# THE TASK
What is needed is a word-for-word copy of the lines below from the one with "Sliced figs on plate" through the one with "A beach with footprints and a clear sky.", both included, with every picture left out.

# EXTRACTED RECORDS

[Start of Attachment]

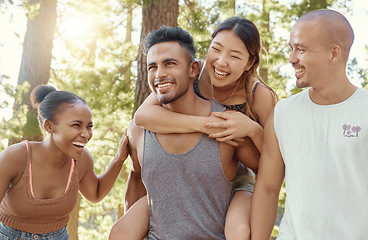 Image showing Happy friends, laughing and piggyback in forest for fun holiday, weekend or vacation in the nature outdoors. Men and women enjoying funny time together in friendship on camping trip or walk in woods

[End of Attachment]
[Start of Attachment]

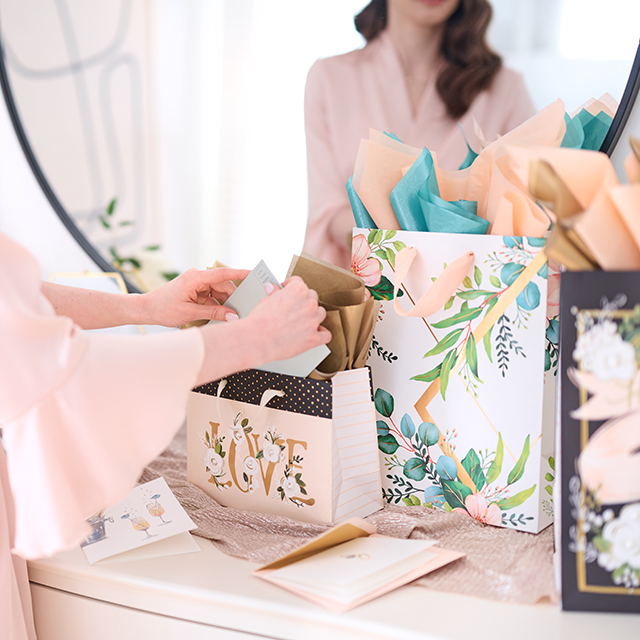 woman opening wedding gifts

[End of Attachment]
[Start of Attachment]

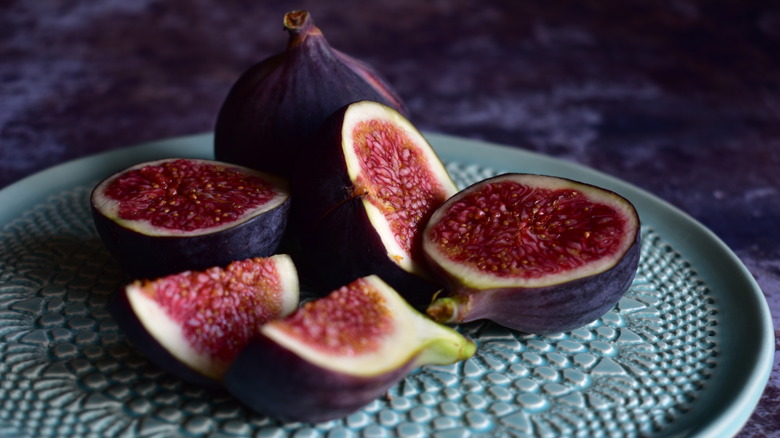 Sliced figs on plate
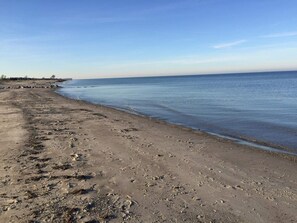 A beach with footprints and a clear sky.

[End of Attachment]

# SOLUTION TO THIS EXERCISE
 Sliced figs on plate
 A beach with footprints and a clear sky.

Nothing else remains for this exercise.